4 minute read

Recently I worked on a project triangulating geo-coordinates of signals based on registrations in a radio network. Attempting to improve on traditional optimization based trilateration, I turned to neural networks to pick up subtle patterns in the underlying data space (ex: terrain in certain regions affects observed signal strength). This approach outperformed existing trilateration algorithms but suffered from high variance in the prediction quality. Most of the problematic predictions stemmed from samples that were not represented well in the original training data. This example highlighted a common problem in applied ML.
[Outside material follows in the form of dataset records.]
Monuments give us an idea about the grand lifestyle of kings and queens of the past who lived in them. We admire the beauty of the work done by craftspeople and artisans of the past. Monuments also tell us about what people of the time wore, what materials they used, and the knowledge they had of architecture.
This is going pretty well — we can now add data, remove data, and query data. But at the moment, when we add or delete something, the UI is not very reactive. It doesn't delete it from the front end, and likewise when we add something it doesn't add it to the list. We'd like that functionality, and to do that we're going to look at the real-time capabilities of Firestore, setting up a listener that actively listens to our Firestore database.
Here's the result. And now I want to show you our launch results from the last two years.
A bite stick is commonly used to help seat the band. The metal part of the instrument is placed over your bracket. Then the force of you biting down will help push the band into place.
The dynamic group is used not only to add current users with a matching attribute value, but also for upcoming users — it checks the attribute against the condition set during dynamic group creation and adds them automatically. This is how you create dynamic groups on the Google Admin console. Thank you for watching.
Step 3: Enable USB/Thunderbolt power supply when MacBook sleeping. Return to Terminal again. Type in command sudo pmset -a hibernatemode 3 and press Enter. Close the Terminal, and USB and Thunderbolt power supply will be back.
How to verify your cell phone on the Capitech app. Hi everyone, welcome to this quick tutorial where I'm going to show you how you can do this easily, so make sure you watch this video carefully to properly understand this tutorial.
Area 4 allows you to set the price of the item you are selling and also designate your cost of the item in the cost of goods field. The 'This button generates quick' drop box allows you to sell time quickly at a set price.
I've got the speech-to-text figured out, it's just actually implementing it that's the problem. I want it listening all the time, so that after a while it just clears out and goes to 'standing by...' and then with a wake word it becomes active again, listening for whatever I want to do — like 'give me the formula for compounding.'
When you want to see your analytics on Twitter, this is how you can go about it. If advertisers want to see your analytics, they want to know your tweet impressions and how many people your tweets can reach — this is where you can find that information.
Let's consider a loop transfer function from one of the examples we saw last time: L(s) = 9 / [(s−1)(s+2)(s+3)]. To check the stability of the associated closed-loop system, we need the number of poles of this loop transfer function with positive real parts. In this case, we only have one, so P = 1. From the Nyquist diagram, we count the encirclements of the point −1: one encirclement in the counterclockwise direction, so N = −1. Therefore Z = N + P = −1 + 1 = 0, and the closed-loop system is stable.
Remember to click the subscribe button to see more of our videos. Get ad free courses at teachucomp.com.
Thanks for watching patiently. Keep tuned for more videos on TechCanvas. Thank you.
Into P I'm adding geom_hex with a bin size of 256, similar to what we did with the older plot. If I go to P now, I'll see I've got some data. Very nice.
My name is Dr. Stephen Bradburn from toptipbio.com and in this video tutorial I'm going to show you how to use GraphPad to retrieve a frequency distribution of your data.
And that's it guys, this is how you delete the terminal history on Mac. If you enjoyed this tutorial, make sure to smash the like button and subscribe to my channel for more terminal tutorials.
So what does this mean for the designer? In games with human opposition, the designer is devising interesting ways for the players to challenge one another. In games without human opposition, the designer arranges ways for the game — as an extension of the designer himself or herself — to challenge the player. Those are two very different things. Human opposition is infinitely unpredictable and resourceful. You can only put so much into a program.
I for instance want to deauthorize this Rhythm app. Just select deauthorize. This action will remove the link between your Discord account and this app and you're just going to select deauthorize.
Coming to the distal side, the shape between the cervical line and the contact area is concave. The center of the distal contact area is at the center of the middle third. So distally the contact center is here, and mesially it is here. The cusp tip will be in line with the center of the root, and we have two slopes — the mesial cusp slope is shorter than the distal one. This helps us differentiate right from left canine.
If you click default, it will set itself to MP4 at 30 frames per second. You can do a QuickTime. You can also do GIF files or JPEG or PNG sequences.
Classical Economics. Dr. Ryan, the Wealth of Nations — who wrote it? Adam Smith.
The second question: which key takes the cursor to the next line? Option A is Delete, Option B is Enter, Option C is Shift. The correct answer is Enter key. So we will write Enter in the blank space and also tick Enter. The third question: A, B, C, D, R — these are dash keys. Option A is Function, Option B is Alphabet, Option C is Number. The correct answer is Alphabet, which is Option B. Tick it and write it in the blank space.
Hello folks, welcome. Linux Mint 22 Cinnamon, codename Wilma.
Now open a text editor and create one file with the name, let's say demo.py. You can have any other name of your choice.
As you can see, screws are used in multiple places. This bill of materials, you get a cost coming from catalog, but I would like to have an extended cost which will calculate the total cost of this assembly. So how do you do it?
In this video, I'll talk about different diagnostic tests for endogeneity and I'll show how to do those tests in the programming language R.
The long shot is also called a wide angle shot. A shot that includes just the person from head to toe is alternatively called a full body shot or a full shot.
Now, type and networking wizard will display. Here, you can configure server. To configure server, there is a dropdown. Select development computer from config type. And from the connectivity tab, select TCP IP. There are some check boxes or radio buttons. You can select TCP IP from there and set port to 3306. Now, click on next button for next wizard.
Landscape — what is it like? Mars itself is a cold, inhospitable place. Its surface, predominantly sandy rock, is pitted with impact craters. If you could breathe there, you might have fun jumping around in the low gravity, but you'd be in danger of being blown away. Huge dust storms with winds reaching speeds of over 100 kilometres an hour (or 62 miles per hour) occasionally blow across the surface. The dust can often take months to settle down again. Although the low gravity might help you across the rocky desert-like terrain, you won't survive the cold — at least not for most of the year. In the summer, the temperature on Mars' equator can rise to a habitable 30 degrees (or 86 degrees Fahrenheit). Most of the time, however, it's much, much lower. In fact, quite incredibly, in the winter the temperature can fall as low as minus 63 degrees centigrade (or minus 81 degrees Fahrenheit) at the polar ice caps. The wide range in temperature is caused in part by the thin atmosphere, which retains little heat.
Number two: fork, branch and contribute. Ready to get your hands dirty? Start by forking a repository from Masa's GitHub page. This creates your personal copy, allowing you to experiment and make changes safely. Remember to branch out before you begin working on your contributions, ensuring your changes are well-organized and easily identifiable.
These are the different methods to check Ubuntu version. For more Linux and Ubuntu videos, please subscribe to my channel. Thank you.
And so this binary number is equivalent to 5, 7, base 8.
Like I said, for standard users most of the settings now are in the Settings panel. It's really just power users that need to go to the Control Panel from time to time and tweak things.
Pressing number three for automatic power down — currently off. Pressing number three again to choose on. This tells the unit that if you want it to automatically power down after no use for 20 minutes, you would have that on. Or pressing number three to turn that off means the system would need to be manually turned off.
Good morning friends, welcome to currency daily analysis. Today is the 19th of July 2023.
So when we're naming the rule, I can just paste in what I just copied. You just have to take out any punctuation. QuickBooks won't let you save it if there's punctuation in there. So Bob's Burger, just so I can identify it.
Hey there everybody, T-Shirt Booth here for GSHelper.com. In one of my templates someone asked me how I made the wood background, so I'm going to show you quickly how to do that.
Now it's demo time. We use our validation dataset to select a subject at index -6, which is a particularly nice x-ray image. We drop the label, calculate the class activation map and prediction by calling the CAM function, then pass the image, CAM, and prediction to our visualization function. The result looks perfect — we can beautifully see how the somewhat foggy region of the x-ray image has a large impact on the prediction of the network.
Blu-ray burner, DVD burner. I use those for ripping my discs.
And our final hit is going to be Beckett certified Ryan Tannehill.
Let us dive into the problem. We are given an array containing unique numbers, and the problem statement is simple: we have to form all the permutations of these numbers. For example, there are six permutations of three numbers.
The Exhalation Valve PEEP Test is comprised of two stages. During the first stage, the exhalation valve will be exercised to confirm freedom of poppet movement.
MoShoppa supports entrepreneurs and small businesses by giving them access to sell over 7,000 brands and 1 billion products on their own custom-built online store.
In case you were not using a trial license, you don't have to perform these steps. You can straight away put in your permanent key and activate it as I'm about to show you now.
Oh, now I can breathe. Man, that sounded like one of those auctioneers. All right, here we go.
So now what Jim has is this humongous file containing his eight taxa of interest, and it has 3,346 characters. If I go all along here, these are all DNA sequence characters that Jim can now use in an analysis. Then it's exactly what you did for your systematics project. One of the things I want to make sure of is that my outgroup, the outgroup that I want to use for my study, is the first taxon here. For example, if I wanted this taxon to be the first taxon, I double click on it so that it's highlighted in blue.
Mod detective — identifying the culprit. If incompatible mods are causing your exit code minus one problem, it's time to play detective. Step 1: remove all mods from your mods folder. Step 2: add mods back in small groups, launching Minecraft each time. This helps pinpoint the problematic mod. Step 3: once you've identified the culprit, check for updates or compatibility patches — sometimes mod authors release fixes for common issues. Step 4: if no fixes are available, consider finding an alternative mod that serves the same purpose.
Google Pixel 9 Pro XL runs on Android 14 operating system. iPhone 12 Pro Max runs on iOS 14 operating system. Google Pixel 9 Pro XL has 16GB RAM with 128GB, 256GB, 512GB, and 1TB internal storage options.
Wouldn’t it be nice if we could improve confidence in our predictions by detecting cases where new data differs significantly from the training distribution. One way to formalize this is Out-of-Distribution detection. See borrowed image below.

ood example

For the triangulation problem described above, I turned to a slick solution introduced in the paper: Distinction Maximization Loss, which describes a drop-in replacement to a typical softmax layer and a Max-Mean Logit Entropy Score that can be used to better detect “Out-of-Distribution” samples at inference time.

Implementing DisMax

The authors provide some code, but I was not able to get their implementations working. Instead I implemented the basics and created the following example to demonstrate the approach.

DisMax is comprised of a replacement for the classification layer in a model and a replacement for the cross entropy loss used to train the model. A minimal implementation below:

class DisMaxLossFirstPart(nn.Module):
    """This part replaces the model classifier output layer nn.Linear()."""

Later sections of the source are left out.